> _DIRECTIONS_:
Leave the pictures aside and copy all the data exactly.

Caption-style text data
■ ■ ■ ■
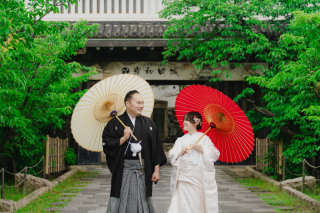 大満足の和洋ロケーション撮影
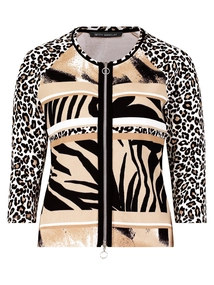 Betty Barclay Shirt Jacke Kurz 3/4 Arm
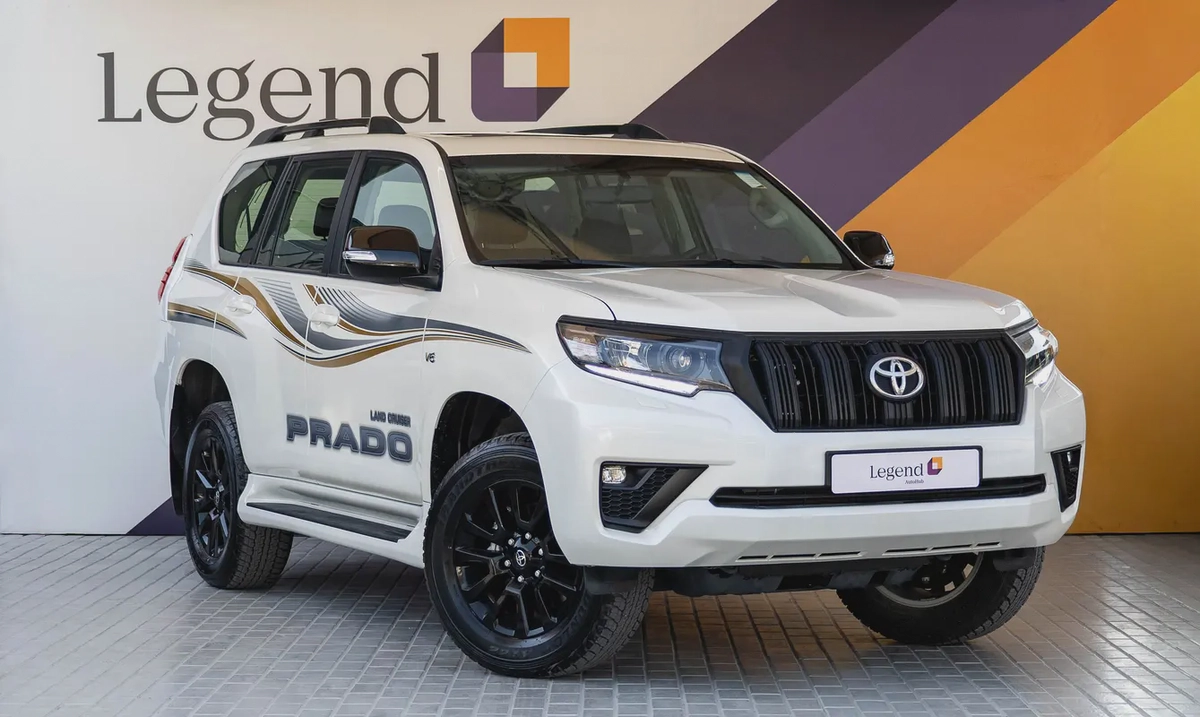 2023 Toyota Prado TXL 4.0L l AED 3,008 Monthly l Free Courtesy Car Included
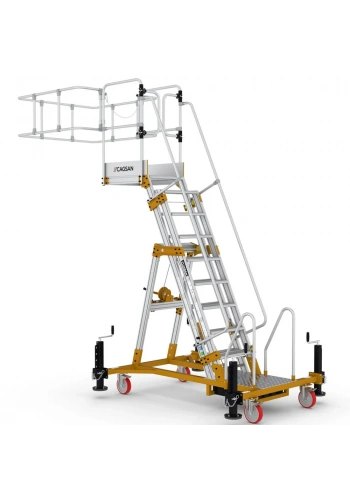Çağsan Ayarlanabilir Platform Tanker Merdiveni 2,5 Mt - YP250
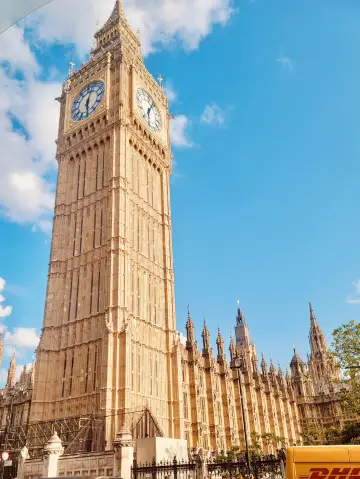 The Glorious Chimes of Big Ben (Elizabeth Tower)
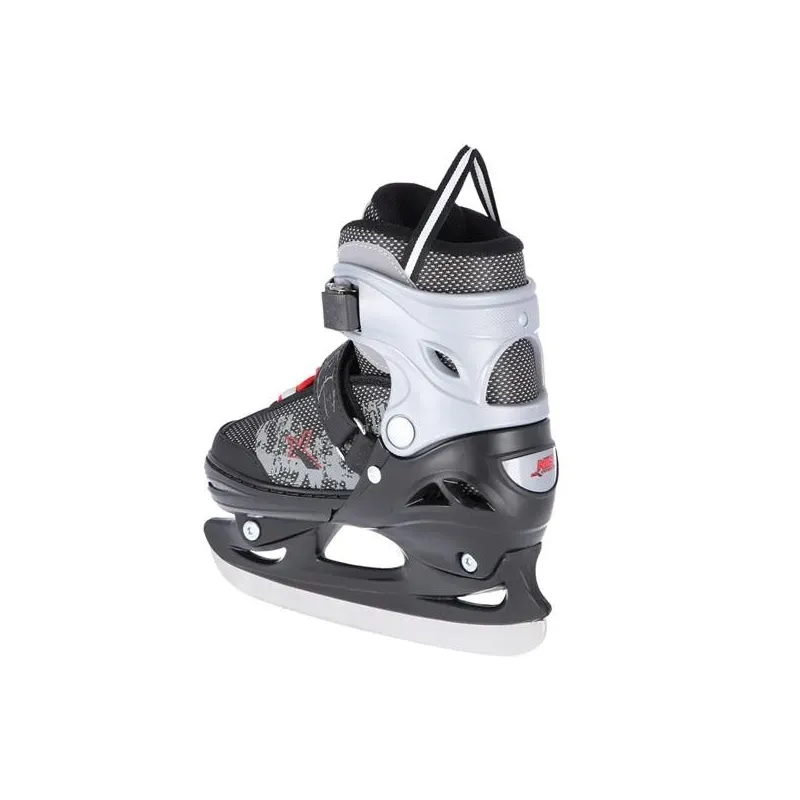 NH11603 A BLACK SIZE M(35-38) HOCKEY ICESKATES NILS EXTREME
■ ■ ■ ■
> _OUTPUT OF THE TASK_:
 大満足の和洋ロケーション撮影
 Betty Barclay Shirt Jacke Kurz 3/4 Arm
 2023 Toyota Prado TXL 4.0L l AED 3,008 Monthly l Free Courtesy Car Included
Çağsan Ayarlanabilir Platform Tanker Merdiveni 2,5 Mt - YP250
 The Glorious Chimes of Big Ben (Elizabeth Tower)
 NH11603 A BLACK SIZE M(35-38) HOCKEY ICESKATES NILS EXTREME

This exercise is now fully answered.